Though he didn’t have experience riding cutting horses, he enjoyed it and learned from the experience. However, in the June of 2022 Sheehan moved his training operation and Seymour transferred to Kelby Phillips’ program, which is based out of the same barn.

“When Spud left, Jason wanted to stick around the area and approached me about a job,” explained Phillips. “He’s one of those employees that’s awesome. It’s hard to find people like him you can trust. I feel like I could leave for a month and not talk to him, and everything will be taken care of.”

Showing Potential

Seymour and his three siblings grew up on their family’s ranch in Montrose, Colorado. They spent their childhood riding horses and bicycles down dirt roads until they were old enough for their father to put them to work on the cattle operation after school and on weekends.

“I’m the fifth generation on my family’s ranch in Colorado,” he said. “We have a feed yard, cropland and a mother cow herd. We always had six to eight ranch horses around all the time, and we had a few show horses. We didn’t ride every day, but we pulled them out when we needed them.”

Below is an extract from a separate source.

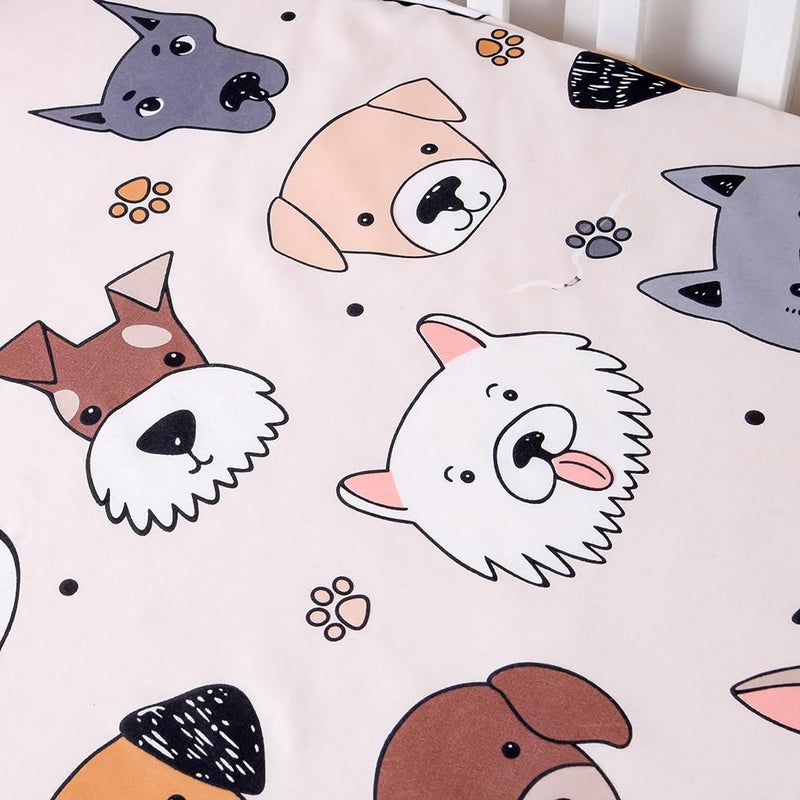 KWLOVER Soft Doggy Cute Puppy Doggies Printed Fabric Crib Sheet for Boys Girls,2 Pack Crib Mattress Sheets or Toddler Bed Sheet, Baby Bassinet Sheets Fitted Crib Sheet (Cream) - Image 4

In high school Seymour played football and basketball, and showed steers, hogs and horses in 4-H. He also exhibited horses at weekend shows and a few American Quarter Horse Association events.

“I showed a double-bred Two Eyed Jack horse in all-around events, and he was pretty tough to get shown,” recalled Seymour. “In 4-H there was a ranch horse class, and that was my first taste of working cow horse. The only reason the horse knew there was a cow in the arena was because I was pulling him that way; he didn’t know a whole lot. In 2012, I told my mom I didn’t want to show him anymore and we found me a 5-year-old gray mare, Smart Whiskey Pistol, who had been trained and shown by Darren Miller.”

Seymour sought assistance from horseman Aaron Ralston in Parachute, Colorado, and within a couple of months he qualified the mare for the boxing at the American Quarter Horse Youth Association World Championship Show.

“Aaron helped me get started and showed me all the cool things we can do with horses,” he said. ”He was the first trainer I’d ever worked with. Before him, I tried to figure it out on my own.”

After graduating from high school in 2014, Seymour attended West Texas A&M

University in Canyon, Texas. Under the coaching of Zeb Corbin and then Obbie Schlom, he showed his mare on the ranch horse team and in Stock Horse of Texas events. This fostered his goal of someday training cow horses. While in college, he met his future wife, Kelsi, a Texas native who was attending Texas Tech University in Lubbock, Texas.

When he graduated from West Texas A&M University in May of 2018, he worked on ranches such as the Poison Spider Cattle Company in Casper, Wyoming, and then for his father. In 2019, he and Kelsi married, and a year later the newlyweds moved to the Lone Star State to start building their lives together and to be near Kelsi’s family in Glen Rose, Texas. The couple now has a 2-year-old daughter, Saige, who is just as crazy about horses as her father.

“She has a pony and spring rocking horse she rides,” he said. “She throws her hat in the air and hoops and hollers. She always wants to ride horses with me.”

Shown here exercising Duals Lucky Charm, Seymour started out last summer riding the 2-year-old horses in Phillips’ barn. He continues to do that, as well as advance some of the 3-year-olds.